● **Task requirements**
Retyping the records exactly is the whole task.

[Records excerpted from a collection]
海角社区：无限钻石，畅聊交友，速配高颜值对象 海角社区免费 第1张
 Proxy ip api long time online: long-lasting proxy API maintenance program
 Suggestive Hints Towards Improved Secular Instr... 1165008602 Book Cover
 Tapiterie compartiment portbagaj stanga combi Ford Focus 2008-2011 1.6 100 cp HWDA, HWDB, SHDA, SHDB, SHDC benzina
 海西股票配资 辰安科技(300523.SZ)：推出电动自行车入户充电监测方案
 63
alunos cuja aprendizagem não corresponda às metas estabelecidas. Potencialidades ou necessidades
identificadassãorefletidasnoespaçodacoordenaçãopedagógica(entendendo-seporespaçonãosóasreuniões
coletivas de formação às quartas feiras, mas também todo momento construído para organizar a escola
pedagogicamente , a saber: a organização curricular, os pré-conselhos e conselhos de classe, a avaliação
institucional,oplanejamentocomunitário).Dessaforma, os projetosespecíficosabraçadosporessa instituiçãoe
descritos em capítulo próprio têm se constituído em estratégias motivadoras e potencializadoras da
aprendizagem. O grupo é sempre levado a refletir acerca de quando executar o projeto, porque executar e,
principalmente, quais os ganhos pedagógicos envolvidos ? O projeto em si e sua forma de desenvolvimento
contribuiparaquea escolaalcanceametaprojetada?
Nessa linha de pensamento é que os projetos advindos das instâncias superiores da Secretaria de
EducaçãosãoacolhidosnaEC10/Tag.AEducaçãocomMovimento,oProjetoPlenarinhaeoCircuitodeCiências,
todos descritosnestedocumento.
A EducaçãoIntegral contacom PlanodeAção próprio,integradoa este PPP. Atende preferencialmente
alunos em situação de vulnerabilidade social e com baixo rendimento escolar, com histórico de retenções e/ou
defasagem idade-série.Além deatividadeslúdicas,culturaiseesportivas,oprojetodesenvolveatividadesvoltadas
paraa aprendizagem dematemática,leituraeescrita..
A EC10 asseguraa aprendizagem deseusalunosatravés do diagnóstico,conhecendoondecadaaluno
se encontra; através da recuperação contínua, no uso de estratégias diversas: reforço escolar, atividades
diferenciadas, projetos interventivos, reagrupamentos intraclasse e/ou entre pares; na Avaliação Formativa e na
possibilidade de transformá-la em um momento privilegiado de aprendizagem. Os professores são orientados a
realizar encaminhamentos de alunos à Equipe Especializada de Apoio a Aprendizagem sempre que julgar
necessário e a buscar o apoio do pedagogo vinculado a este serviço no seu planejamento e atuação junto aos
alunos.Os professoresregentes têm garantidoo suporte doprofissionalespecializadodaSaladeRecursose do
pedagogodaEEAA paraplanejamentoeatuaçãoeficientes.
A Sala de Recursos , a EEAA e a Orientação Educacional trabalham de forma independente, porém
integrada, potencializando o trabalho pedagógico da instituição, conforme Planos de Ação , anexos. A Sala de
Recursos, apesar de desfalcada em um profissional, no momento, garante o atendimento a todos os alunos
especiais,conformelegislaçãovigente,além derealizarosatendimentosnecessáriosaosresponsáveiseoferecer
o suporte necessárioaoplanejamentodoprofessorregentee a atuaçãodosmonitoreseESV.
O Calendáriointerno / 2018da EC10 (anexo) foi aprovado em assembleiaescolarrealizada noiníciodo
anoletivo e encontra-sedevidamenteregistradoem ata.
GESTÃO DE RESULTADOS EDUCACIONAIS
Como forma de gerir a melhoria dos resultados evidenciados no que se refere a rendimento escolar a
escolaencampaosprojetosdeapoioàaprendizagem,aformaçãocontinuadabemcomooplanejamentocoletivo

● **Result for this task**
海角社区：无限钻石，畅聊交友，速配高颜值对象 海角社区免费 第1张
 Proxy ip api long time online: long-lasting proxy API maintenance program
 Suggestive Hints Towards Improved Secular Instr... 1165008602 Book Cover
 Tapiterie compartiment portbagaj stanga combi Ford Focus 2008-2011 1.6 100 cp HWDA, HWDB, SHDA, SHDB, SHDC benzina
 海西股票配资 辰安科技(300523.SZ)：推出电动自行车入户充电监测方案
 63
alunos cuja aprendizagem não corresponda às metas estabelecidas. Potencialidades ou necessidades
identificadassãorefletidasnoespaçodacoordenaçãopedagógica(entendendo-seporespaçonãosóasreuniões
coletivas de formação às quartas feiras, mas também todo momento construído para organizar a escola
pedagogicamente , a saber: a organização curricular, os pré-conselhos e conselhos de classe, a avaliação
institucional,oplanejamentocomunitário).Dessaforma, os projetosespecíficosabraçadosporessa instituiçãoe
descritos em capítulo próprio têm se constituído em estratégias motivadoras e potencializadoras da
aprendizagem. O grupo é sempre levado a refletir acerca de quando executar o projeto, porque executar e,
principalmente, quais os ganhos pedagógicos envolvidos ? O projeto em si e sua forma de desenvolvimento
contribuiparaquea escolaalcanceametaprojetada?
Nessa linha de pensamento é que os projetos advindos das instâncias superiores da Secretaria de
EducaçãosãoacolhidosnaEC10/Tag.AEducaçãocomMovimento,oProjetoPlenarinhaeoCircuitodeCiências,
todos descritosnestedocumento.
A EducaçãoIntegral contacom PlanodeAção próprio,integradoa este PPP. Atende preferencialmente
alunos em situação de vulnerabilidade social e com baixo rendimento escolar, com histórico de retenções e/ou
defasagem idade-série.Além deatividadeslúdicas,culturaiseesportivas,oprojetodesenvolveatividadesvoltadas
paraa aprendizagem dematemática,leituraeescrita..
A EC10 asseguraa aprendizagem deseusalunosatravés do diagnóstico,conhecendoondecadaaluno
se encontra; através da recuperação contínua, no uso de estratégias diversas: reforço escolar, atividades
diferenciadas, projetos interventivos, reagrupamentos intraclasse e/ou entre pares; na Avaliação Formativa e na
possibilidade de transformá-la em um momento privilegiado de aprendizagem. Os professores são orientados a
realizar encaminhamentos de alunos à Equipe Especializada de Apoio a Aprendizagem sempre que julgar
necessário e a buscar o apoio do pedagogo vinculado a este serviço no seu planejamento e atuação junto aos
alunos.Os professoresregentes têm garantidoo suporte doprofissionalespecializadodaSaladeRecursose do
pedagogodaEEAA paraplanejamentoeatuaçãoeficientes.
A Sala de Recursos , a EEAA e a Orientação Educacional trabalham de forma independente, porém
integrada, potencializando o trabalho pedagógico da instituição, conforme Planos de Ação , anexos. A Sala de
Recursos, apesar de desfalcada em um profissional, no momento, garante o atendimento a todos os alunos
especiais,conformelegislaçãovigente,além derealizarosatendimentosnecessáriosaosresponsáveiseoferecer
o suporte necessárioaoplanejamentodoprofessorregentee a atuaçãodosmonitoreseESV.
O Calendáriointerno / 2018da EC10 (anexo) foi aprovado em assembleiaescolarrealizada noiníciodo
anoletivo e encontra-sedevidamenteregistradoem ata.
GESTÃO DE RESULTADOS EDUCACIONAIS
Como forma de gerir a melhoria dos resultados evidenciados no que se refere a rendimento escolar a
escolaencampaosprojetosdeapoioàaprendizagem,aformaçãocontinuadabemcomooplanejamentocoletivo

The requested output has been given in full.